Esto no exime a Feitó de su responsabilidad. Su frase no fue inocente. Formulada en medio del colapso económico y del deterioro cotidiano que atraviesan millones de cubanos, resultó hiriente y desconectada. Pero esa desconexión no es solo personal, sino estructural. Feitó ha dicho lo que muchos en la cúpula piensan, y lo ha hecho desde un lugar que le ha sido asignado por el propio sistema. Su caída no resuelve nada, solo aplaza el problema. No hay salida posible mientras se siga operando con esta lógica sacrificial que maquilla la impotencia del poder con gestos simbólicos.
Cuba no necesita más sacrificios; lo que necesita es una transformación de fondo. El problema no es una ministra, sino un modelo agotado que se sostiene sobre la negación sistemática de la dignidad y la realidad del pueblo. Un modelo que ha perdido incluso la eficacia de sus antiguos rituales expiatorios. Porque ya ni el mecanismo del chivo expiatorio funciona. Los sacrificios no producen paz, ni obediencia, ni siquiera miedo. Solo evidencian el desgaste de un poder que ya no respira.

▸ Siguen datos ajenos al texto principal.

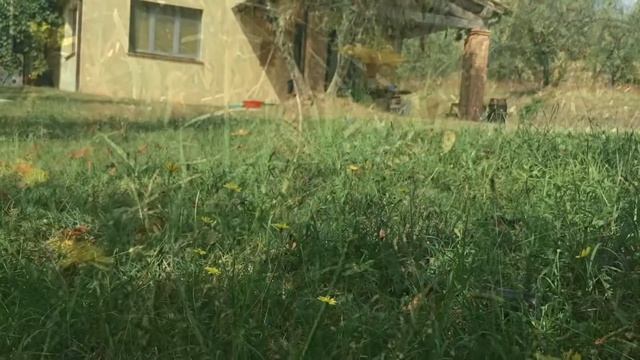 Ещё немного лета … смотреть онлайн
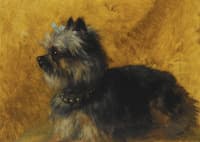A Yorkshire Terrier
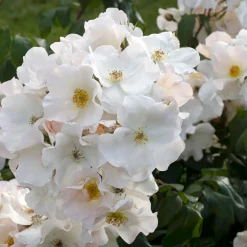 Rosier arbustif Sally Holmes - Un nuage de fleurs tout l'été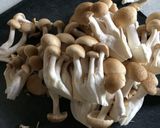 やわらか!鶏胸肉の炒めもの作り方3写真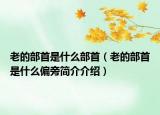 老的部首是什么部首（老的部首是什么偏旁簡(jiǎn)介介紹）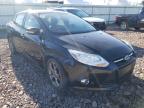 2013 FORD  FOCUS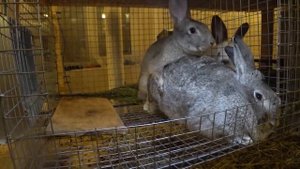 Кролик каннибал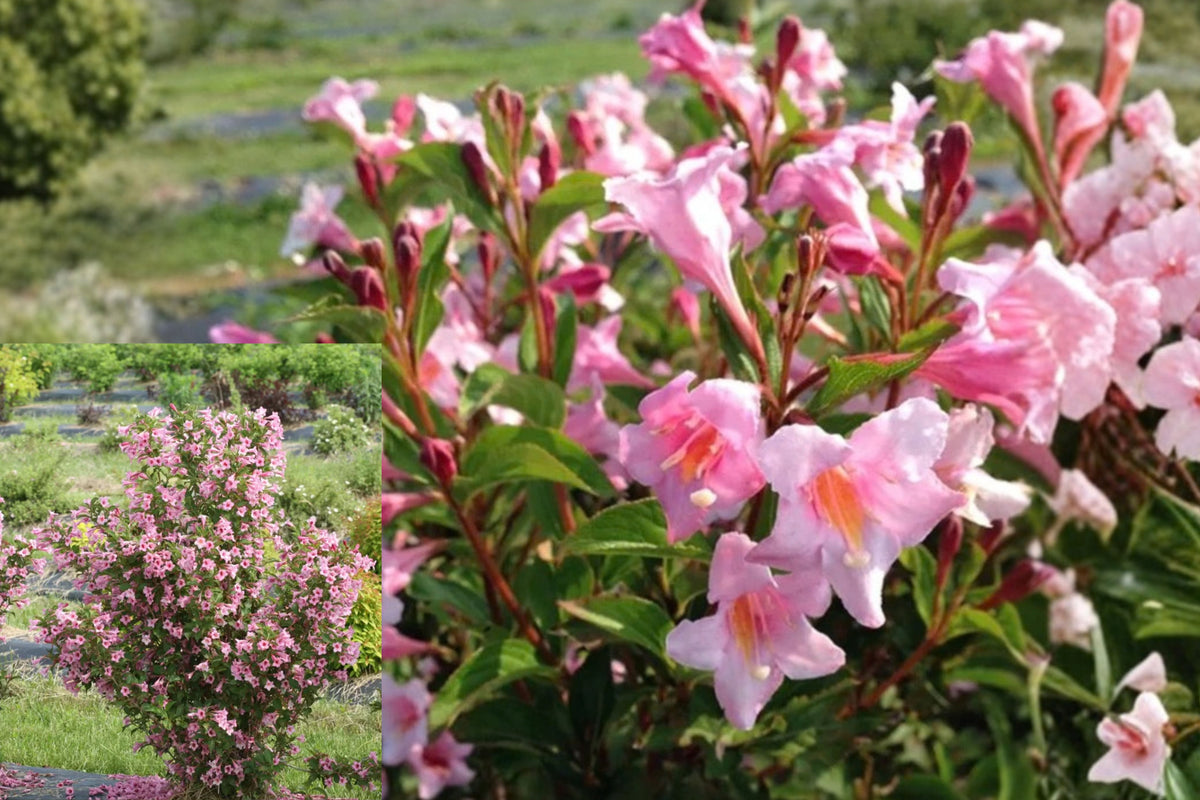 Pink Weigela 1 Live Plant – 4-Inch Pot – Flowering Shrub – Weigela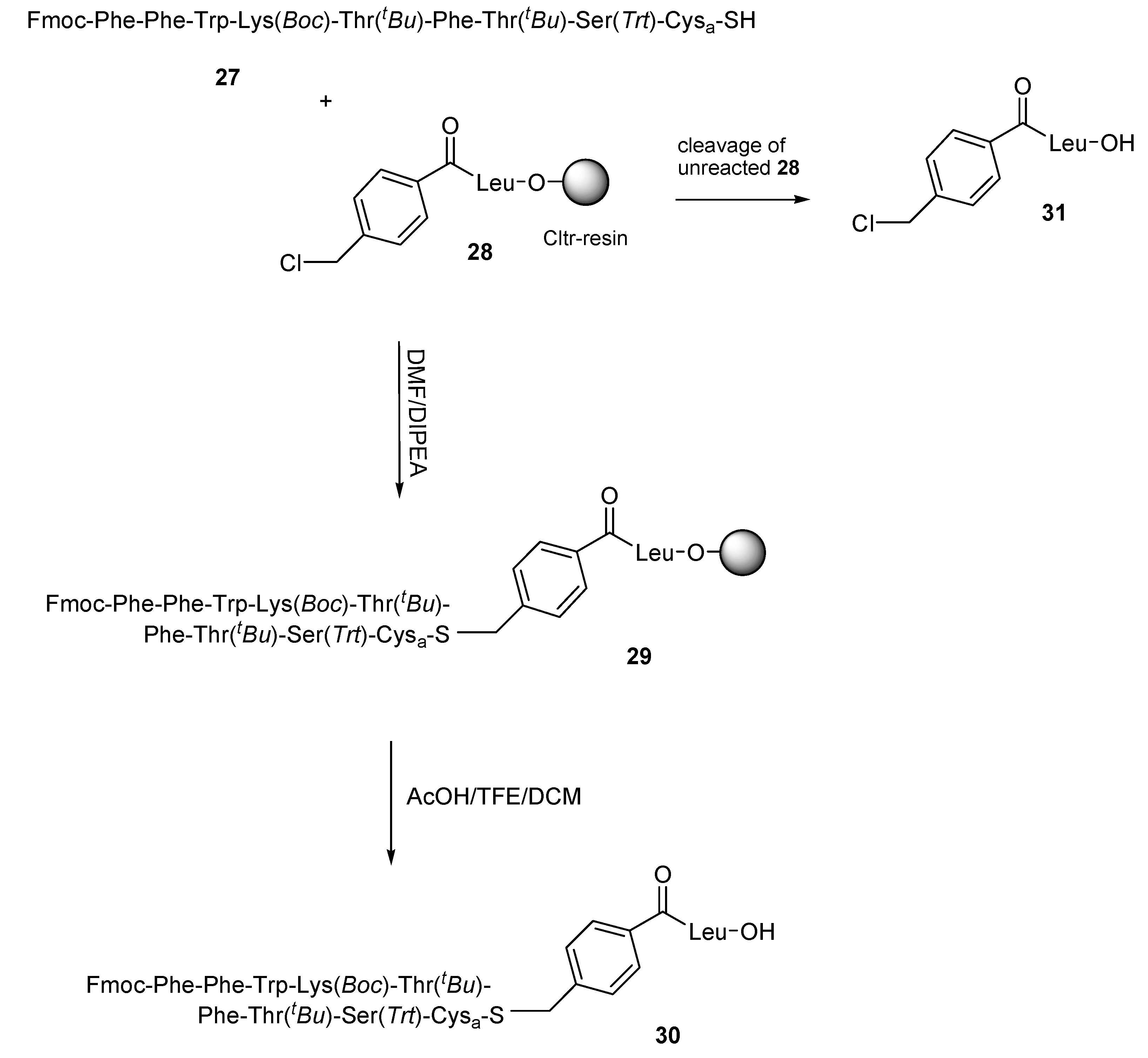 Molecules 25 00218 sch005
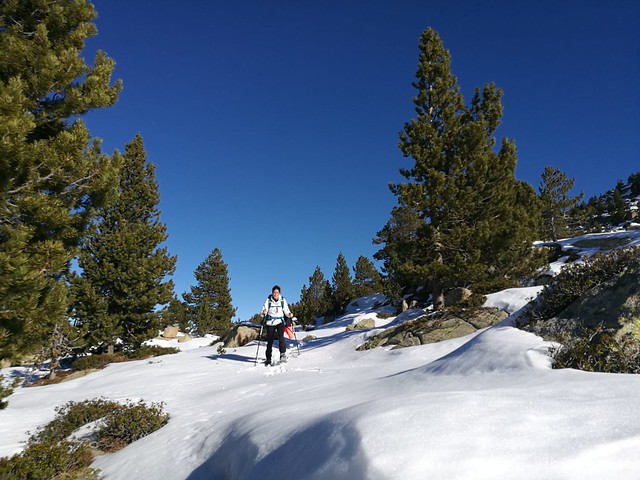 IMG-20181206-WA0053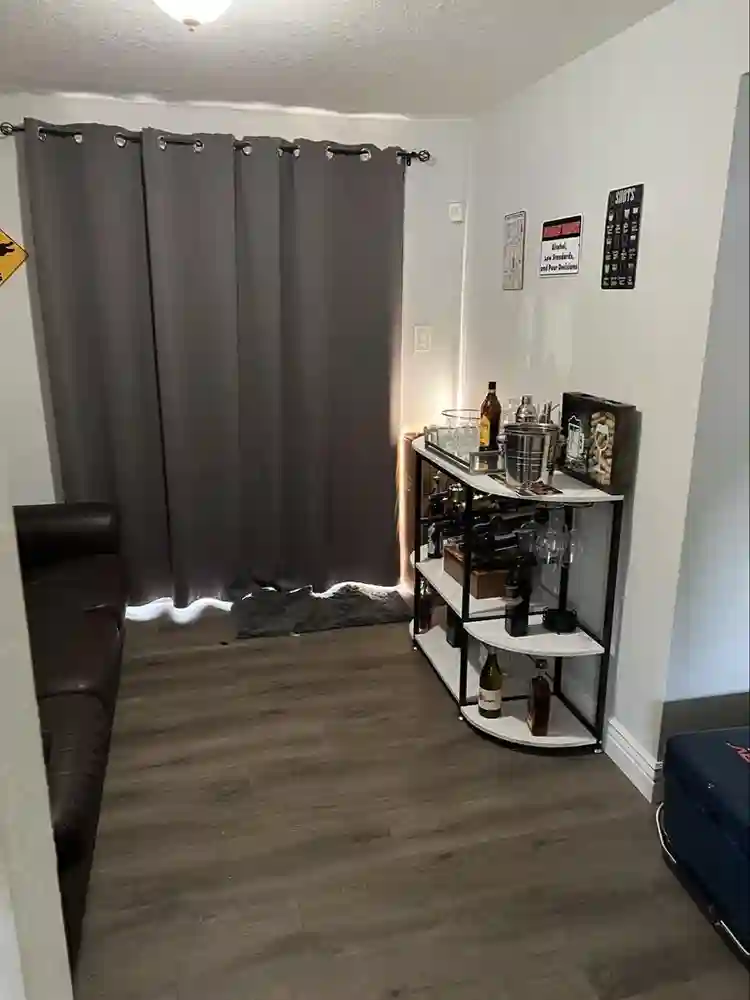 Room for rent near USF. January 1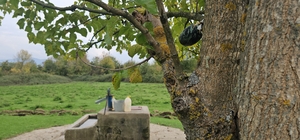 Kuyuda cesedi bulunan Hasret'in cinayet şüphelisi, 5 kişinin katili çıktı (...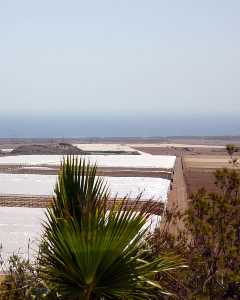 Panormica de los Invernaderos 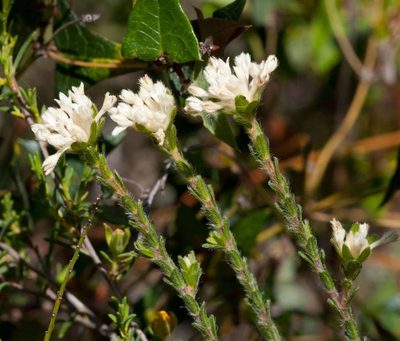 Pimelea phylicoides, photographed by Chris Clarke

Durante décadas, el sistema cubano ha recurrido a mecanismos sacrificiales como forma de control y de encubrimiento de sus propios fracasos. Intelectuales, militares, ministros, dirigentes intermedios o artistas han ocupado sucesivamente ese lugar simbólico que Girard identificó como necesario para contener la violencia social, el de la víctima útil. No porque sean inocentes, sino porque su culpabilidad es absorbida y amplificada hasta convertirse en alivio momentáneo para el conjunto. Así funcionó el caso de Heberto Padilla en los años setenta, el del general Ochoa en los ochenta, y así se repite ahora, en un contexto mucho más frágil, con la ministra Feitó. Lo que cambia no es el mecanismo, sino su eficacia: el ritual ya no calma, solo irrita.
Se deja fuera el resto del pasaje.